=== Begin Enclosure ===
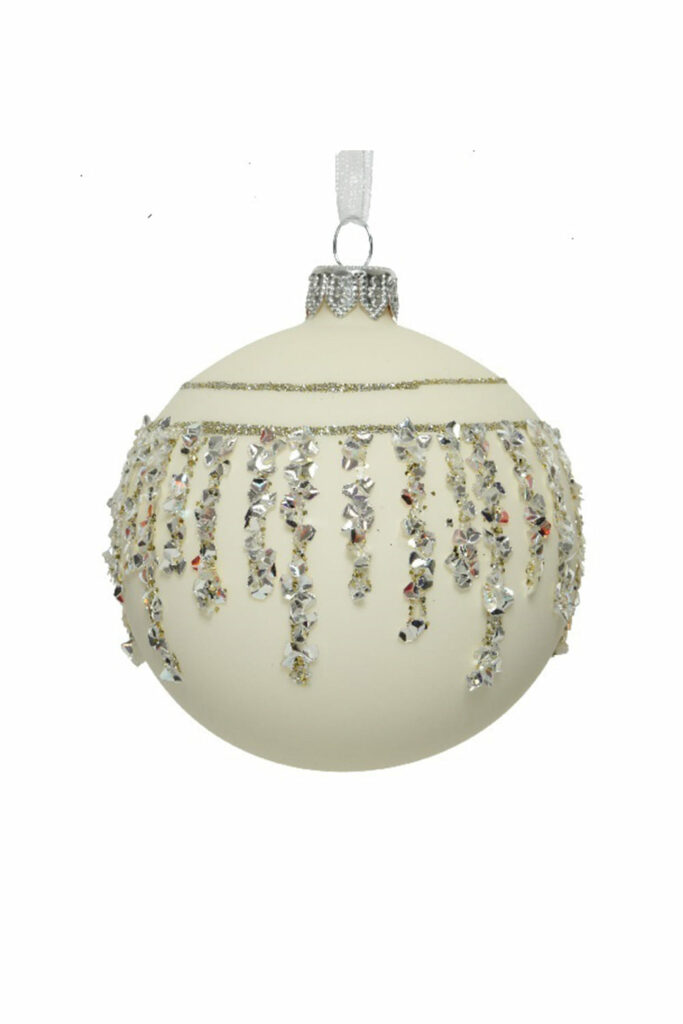 Athome Pavloudakis - Χριστουγεννιάτικη γυάλινη λευκή μπάλα με σχέδια (8 cm)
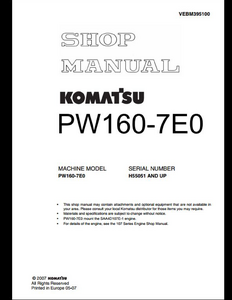 KOMATSU PW160-7E0 Wheeled Excavators manual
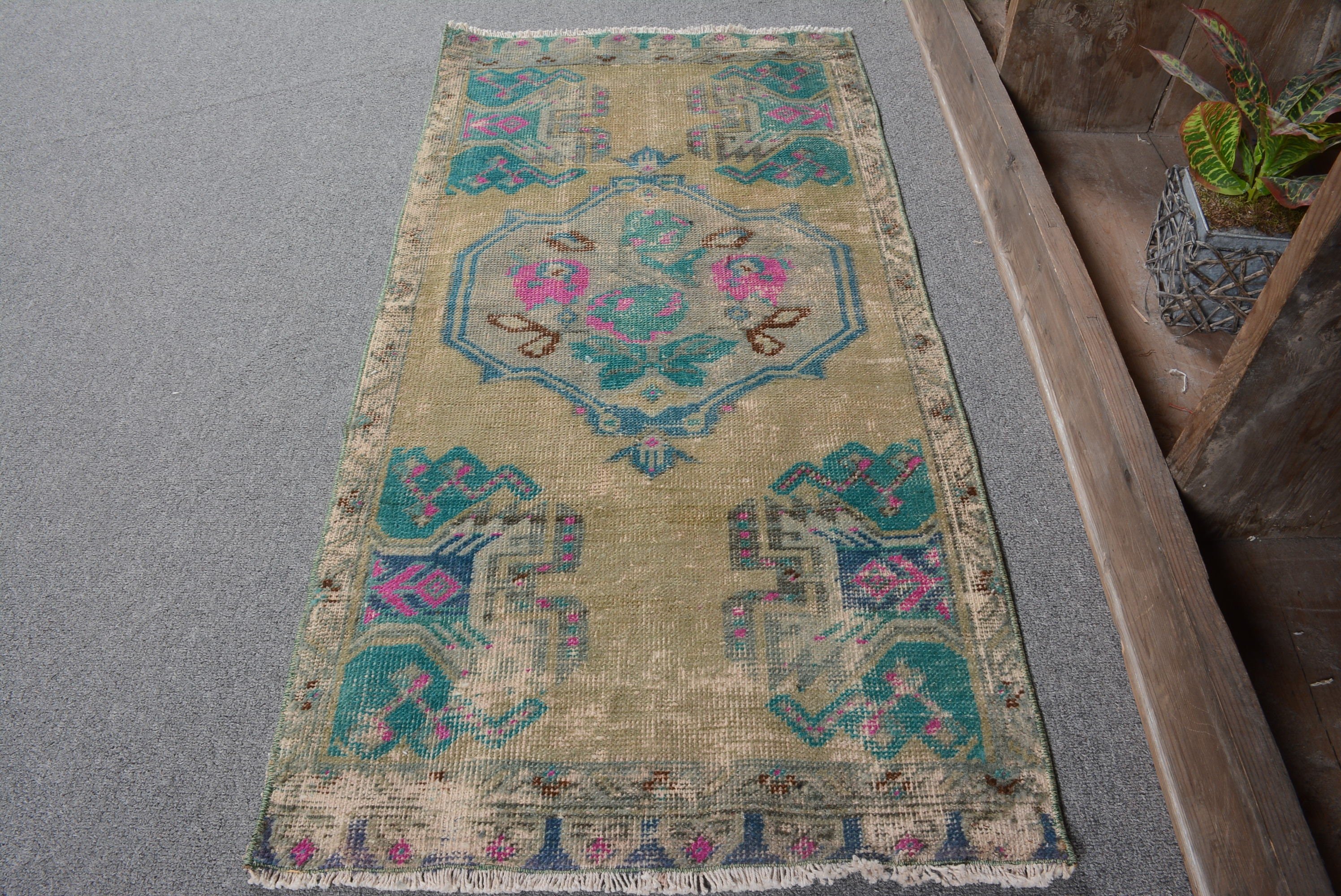 1.7x3.4 ft Küçük Halı, Kahverengi Oushak Halı, Türk Halıları, Boho Halıları, Vintage Halı, Fas Halıları, Duvara Asılı Halılar, Araba Paspas Halısı, Yer Halısı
=== End Enclosure ===
**TASK DETAILS:** The listing above should be repeated word for word, with every image left out.

**TASK ANSWER:**
 Athome Pavloudakis - Χριστουγεννιάτικη γυάλινη λευκή μπάλα με σχέδια (8 cm)
 KOMATSU PW160-7E0 Wheeled Excavators manual
 1.7x3.4 ft Küçük Halı, Kahverengi Oushak Halı, Türk Halıları, Boho Halıları, Vintage Halı, Fas Halıları, Duvara Asılı Halılar, Araba Paspas Halısı, Yer Halısı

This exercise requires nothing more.